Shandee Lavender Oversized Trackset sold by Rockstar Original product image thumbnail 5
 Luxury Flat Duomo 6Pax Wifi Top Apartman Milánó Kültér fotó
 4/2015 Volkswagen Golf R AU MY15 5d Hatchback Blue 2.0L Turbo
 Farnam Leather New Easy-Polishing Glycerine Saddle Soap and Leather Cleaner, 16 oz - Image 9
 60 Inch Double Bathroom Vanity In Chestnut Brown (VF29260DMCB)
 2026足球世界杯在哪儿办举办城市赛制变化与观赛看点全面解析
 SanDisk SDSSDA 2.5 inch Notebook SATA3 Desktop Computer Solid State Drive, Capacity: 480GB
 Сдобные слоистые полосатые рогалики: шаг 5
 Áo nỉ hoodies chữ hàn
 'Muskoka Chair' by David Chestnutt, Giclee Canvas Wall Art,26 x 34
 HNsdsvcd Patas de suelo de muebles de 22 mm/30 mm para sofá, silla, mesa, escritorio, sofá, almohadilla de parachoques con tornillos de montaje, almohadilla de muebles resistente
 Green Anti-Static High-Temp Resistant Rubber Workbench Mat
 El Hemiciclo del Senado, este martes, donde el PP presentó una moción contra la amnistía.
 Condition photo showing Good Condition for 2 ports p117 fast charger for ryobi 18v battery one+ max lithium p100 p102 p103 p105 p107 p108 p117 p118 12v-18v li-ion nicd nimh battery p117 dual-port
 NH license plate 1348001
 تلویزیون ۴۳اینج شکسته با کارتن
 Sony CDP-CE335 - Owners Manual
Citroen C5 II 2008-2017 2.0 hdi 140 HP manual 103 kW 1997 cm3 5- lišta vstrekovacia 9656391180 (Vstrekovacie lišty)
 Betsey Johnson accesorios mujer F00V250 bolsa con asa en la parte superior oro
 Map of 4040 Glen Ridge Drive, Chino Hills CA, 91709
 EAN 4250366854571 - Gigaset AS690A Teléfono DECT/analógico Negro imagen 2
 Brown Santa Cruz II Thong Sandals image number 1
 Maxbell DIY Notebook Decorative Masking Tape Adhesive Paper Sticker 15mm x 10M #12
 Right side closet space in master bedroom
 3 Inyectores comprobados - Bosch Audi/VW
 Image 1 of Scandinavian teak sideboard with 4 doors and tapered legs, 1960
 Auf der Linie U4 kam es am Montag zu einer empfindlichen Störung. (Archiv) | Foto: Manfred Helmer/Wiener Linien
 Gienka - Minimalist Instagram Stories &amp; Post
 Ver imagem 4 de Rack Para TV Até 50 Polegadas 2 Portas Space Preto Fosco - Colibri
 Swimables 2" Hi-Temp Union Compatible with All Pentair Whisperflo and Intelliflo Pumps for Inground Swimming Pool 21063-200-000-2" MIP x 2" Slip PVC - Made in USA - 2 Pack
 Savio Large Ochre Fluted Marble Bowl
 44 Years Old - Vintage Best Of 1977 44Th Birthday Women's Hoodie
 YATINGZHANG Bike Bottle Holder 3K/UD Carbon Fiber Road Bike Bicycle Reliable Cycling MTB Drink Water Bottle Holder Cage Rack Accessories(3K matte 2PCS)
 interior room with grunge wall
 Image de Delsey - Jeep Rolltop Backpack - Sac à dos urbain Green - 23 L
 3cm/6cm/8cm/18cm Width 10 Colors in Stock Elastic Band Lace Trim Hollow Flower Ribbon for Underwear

——

Starting at the line that has "Сдобные слоистые полосатые рогалики: шаг 5" in the records above, restate word for word every line until the one that has "YATINGZHANG Bike Bottle", and include that one as well.

 Сдобные слоистые полосатые рогалики: шаг 5
 Áo nỉ hoodies chữ hàn
 'Muskoka Chair' by David Chestnutt, Giclee Canvas Wall Art,26 x 34
 HNsdsvcd Patas de suelo de muebles de 22 mm/30 mm para sofá, silla, mesa, escritorio, sofá, almohadilla de parachoques con tornillos de montaje, almohadilla de muebles resistente
 Green Anti-Static High-Temp Resistant Rubber Workbench Mat
 El Hemiciclo del Senado, este martes, donde el PP presentó una moción contra la amnistía.
 Condition photo showing Good Condition for 2 ports p117 fast charger for ryobi 18v battery one+ max lithium p100 p102 p103 p105 p107 p108 p117 p118 12v-18v li-ion nicd nimh battery p117 dual-port
 NH license plate 1348001
 تلویزیون ۴۳اینج شکسته با کارتن
 Sony CDP-CE335 - Owners Manual
Citroen C5 II 2008-2017 2.0 hdi 140 HP manual 103 kW 1997 cm3 5- lišta vstrekovacia 9656391180 (Vstrekovacie lišty)
 Betsey Johnson accesorios mujer F00V250 bolsa con asa en la parte superior oro
 Map of 4040 Glen Ridge Drive, Chino Hills CA, 91709
 EAN 4250366854571 - Gigaset AS690A Teléfono DECT/analógico Negro imagen 2
 Brown Santa Cruz II Thong Sandals image number 1
 Maxbell DIY Notebook Decorative Masking Tape Adhesive Paper Sticker 15mm x 10M #12
 Right side closet space in master bedroom
 3 Inyectores comprobados - Bosch Audi/VW
 Image 1 of Scandinavian teak sideboard with 4 doors and tapered legs, 1960
 Auf der Linie U4 kam es am Montag zu einer empfindlichen Störung. (Archiv) | Foto: Manfred Helmer/Wiener Linien
 Gienka - Minimalist Instagram Stories &amp; Post
 Ver imagem 4 de Rack Para TV Até 50 Polegadas 2 Portas Space Preto Fosco - Colibri
 Swimables 2" Hi-Temp Union Compatible with All Pentair Whisperflo and Intelliflo Pumps for Inground Swimming Pool 21063-200-000-2" MIP x 2" Slip PVC - Made in USA - 2 Pack
 Savio Large Ochre Fluted Marble Bowl
 44 Years Old - Vintage Best Of 1977 44Th Birthday Women's Hoodie
 YATINGZHANG Bike Bottle Holder 3K/UD Carbon Fiber Road Bike Bicycle Reliable Cycling MTB Drink Water Bottle Holder Cage Rack Accessories(3K matte 2PCS)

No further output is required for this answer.